Protect your business upon divorce
In the unfortunate event of marriage breakdown, there comes a time when the couple must deal with the division of their assets. Resolving the financial implications of divorce is often a complex issue, and cases where one or both parties have an interest in a business can be even more intricate. If the couple cannot agree a way forward, the decision on how to deal with the assets will fall at the mercy of the court.
Where a business was established before the marriage, or has grown significantly post-separation as a result of one party’s efforts, the idea that it may be divided within divorce proceedings will often result in bitterness. And it doesn’t get easier when a business has been built up equally by both spouses.
In either case, the court will decide how the value of the business should be incorporated into the overall division of the matrimonial assets. The court’s powers in this regard are far-reaching and can involve orders for shares to be transferred or sold, or for lump sum payments to be made.

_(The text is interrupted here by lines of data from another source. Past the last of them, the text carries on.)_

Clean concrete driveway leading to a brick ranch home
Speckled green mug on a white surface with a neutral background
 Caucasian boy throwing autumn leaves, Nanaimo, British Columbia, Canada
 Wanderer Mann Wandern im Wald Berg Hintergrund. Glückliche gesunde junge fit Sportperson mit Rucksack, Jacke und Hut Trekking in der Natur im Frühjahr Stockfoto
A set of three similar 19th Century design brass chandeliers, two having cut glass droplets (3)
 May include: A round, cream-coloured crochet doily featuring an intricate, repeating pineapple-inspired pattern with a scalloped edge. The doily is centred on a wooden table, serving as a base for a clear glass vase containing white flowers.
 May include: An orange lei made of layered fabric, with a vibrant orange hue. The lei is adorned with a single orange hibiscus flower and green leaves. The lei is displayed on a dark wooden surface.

The result of the court’s decision on the business can be significant. For example, if one party is required to walk away from a fundamental role in the day-to-day operations of the business, will it continue to run as efficiently? Or, if a person is ordered to sell some of their shares, will this impact on their ability to influence the direction of the business (i.e. the loss of majority shareholder status)?
Most business owners think that the existence of shareholder agreements will be sufficient to protect the business in the event of divorce proceedings but this is not the case.
A nuptial agreement which sets out how the couple wish their personal and business assets to be divided if they later divorce can, however, provide a business owner with the security they need to protect their business assets. These legal agreements can be entered into either before or after the wedding.